Pelo texto, o Ministério da Economia poderia fazer, por conta própria, a ampliação de dotações de despesas discricionárias (que incluem custeio e investimentos), desde que fossem efetuadas após o último relatório programado do Orçamento, publicado em 22 de novembro. Outra condição era que as portarias de abertura dos novos créditos fossem editadas até 31 de dezembro de 2021.

A aprovação desse dispositivo foi considerada uma vitória pela pasta, após o Congresso ter, no fim de 2020, desviado boa parte dos recursos destinados à regularização de dívidas com organismos internacionais para turbinar obras em redutos eleitorais de parlamentares.

À época, a articulação foi comandada pelo Ministério do Desenvolvimento Regional, chefiado por Rogério Marinho (PL), desafeto do titular da Economia, Paulo Guedes. O remanejamento colocou o Brasil em uma situação embaraçosa, já que o país quase perdeu o direito a voto na ONU e ficou inadimplente com o NDB.

A estratégia deu ao governo maior liberdade para reduzir o passivo bilionário com essas instituições. O tema já havia sido alvo de alertas do TCU (Tribunal de Contas da União), pois o governo assumiria despesas sem que elas estivessem previstas no Orçamento, violando a Constituição.

Apesar do alívio, a situação das dívidas com organismos internacionais ainda preocupa, pois nem todo o passivo foi regularizado. No ofício enviado à Economia, o Itamaraty alerta, por exemplo, que a variação na cotação de moedas estrangeiras inviabilizou o pagamento integral de dívidas com a AIEA (Agência Internacional de Energia Atômica) e com a FAO (Organização das Nações Unidas para Alimentação e Agricultura).

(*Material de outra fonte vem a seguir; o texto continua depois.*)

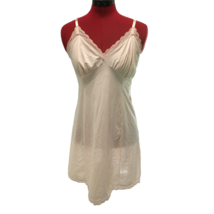 Vintage Van Raalte nylon Scalloped Dress Slip Lingerie 36 small pink blu... - $21.95 CAD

Apesar de quitar parte das pendências, há ainda dívidas remanescentes com instituições como o NDB. Nesses organismos, portanto, o Brasil ainda está sob ameaça de perder o direito a voto.

Além disso, o Congresso promoveu cortes significativos nas dotações previstas para esse segmento no Orçamento de 2022. Segundo técnicos, o valor deixado pelos parlamentares não é suficiente nem sequer para honrar as contribuições previstas para o ano —indicando o risco de novo aumento da dívida.

Uma medida para tentar mitigar o peso dessas contribuições foi a redução da participação do Brasil no orçamento da ONU, que passará dos atuais 2,948% para 2,013% de 2022 a 2024, segundo o ofício do MRE.

Procurado, o Ministério da Economia afirmou, por meio da Secretaria de Assuntos Internacionais, que não poderia detalhar os dados. "Em vista do término da execução orçamentária referente a pagamentos a organismos internacionais ter-se dado em 31 de dezembro de 2021, os dados solicitados ainda não foram processados", diz a nota. Segundo a pasta, o país ainda espera confirmação de recebimento dos repasses por parte dos organismos internacionais. A expectativa é divulgar as informações a partir de 10 de janeiro.

O Itamaraty não respondeu até a publicação desta reportagem.